Review 1382: The Sport of Kings

To paraphrase Sophia Brownrigg, a reviewer from The Guardian, The Sport of Kings is about horse racing like Moby Dick is about whales. It is ambitious—attempting to tell the history of Kentucky through that of two families—one white, wealthy, elitist, and bigotted, the other black, poor, and beleagered. It is sometimes magnificent in its prose and sometimes overblown. It is Southern Gothic, focussing on the ramifications of slavery and bigotry.

Henry Forge is the only son of a proud Kentucky family. As a youngster, he was brutalized by his father and lectured about his place in history. We have some sympathy with him until, in his teens, he commits an unforgivable act.

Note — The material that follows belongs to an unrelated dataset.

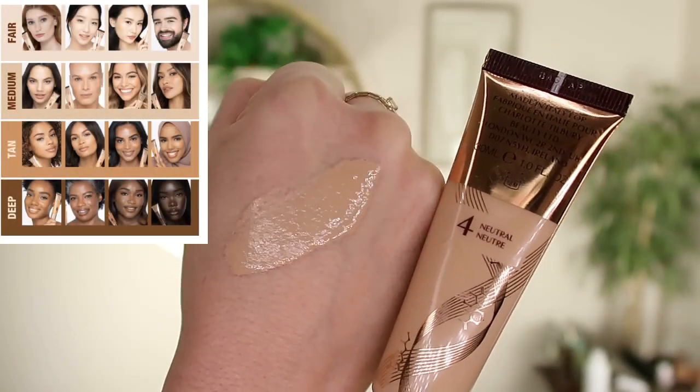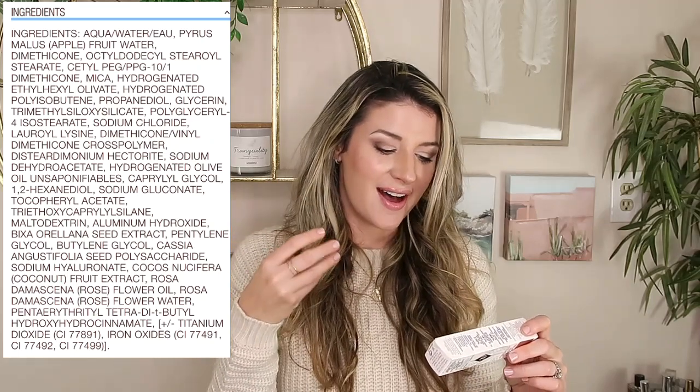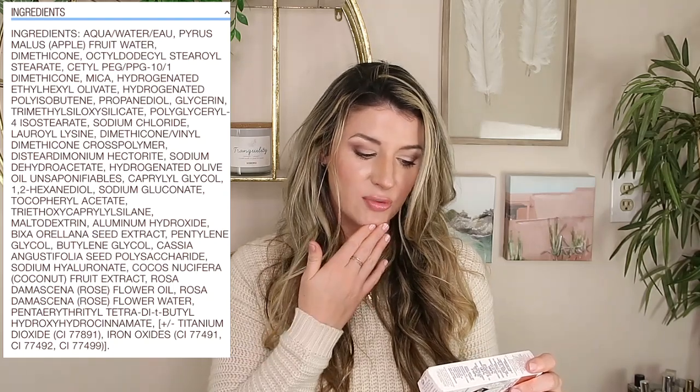This foundation comes in one ounce, it's $44 USD, and it comes in 30 shades. Looking at the ingredients, they do have some nice emollients — dimethicone is very high up in the ingredient list, so this is going to be a thicker foundation. You'll hopefully get that pore-filling action. We also have propanediol, a nice hydrator, glycerin, coconut fruit extract, and rose flower oil, which is a fragrant oil — I don't detect the smell at all, but just keep that in mind.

He rebels against his father by turning the family corn plantation into a horse farm, but the nut doesn’t fall far from the tree. When his wife leaves him, his daughter is nine. He takes his daughter out of school and teaches her himself, all his lessons revolving around horses and breeding and including much out-of-date or just plain incorrect information. He is as elitist as his father—and worse.

Henrietta grows up with a talent for working with horses and a keen, cold intelligence. She also likes to pick up men for sex. Then she meets Allmon Shaughnessy, the new African-American groom, fresh from a prison program for working with horses.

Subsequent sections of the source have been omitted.